[TRY IT]: Your answer should be the lines below from the one holding "White double-layer storage shelf" through the one holding "Miroir de maquillage", copied exactly and with nothing else.

(Brief descriptive captions)
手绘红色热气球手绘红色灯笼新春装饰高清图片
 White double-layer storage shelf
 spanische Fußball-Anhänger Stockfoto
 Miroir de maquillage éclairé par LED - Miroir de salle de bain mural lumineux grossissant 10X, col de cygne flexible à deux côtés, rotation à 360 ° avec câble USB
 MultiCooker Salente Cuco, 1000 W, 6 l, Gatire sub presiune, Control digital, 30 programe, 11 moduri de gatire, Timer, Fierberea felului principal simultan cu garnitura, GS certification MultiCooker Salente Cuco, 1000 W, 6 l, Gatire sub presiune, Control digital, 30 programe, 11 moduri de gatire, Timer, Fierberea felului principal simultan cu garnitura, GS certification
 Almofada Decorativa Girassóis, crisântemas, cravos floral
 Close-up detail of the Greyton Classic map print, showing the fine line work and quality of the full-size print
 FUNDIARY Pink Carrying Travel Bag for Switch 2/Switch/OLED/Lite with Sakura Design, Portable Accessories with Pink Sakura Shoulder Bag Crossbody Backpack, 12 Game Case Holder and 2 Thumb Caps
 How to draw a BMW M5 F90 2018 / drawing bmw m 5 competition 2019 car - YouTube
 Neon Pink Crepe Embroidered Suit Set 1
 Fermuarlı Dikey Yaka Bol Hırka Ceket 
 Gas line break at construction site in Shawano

[EXERCISE ANSWER]:
 White double-layer storage shelf
 spanische Fußball-Anhänger Stockfoto
 Miroir de maquillage éclairé par LED - Miroir de salle de bain mural lumineux grossissant 10X, col de cygne flexible à deux côtés, rotation à 360 ° avec câble USB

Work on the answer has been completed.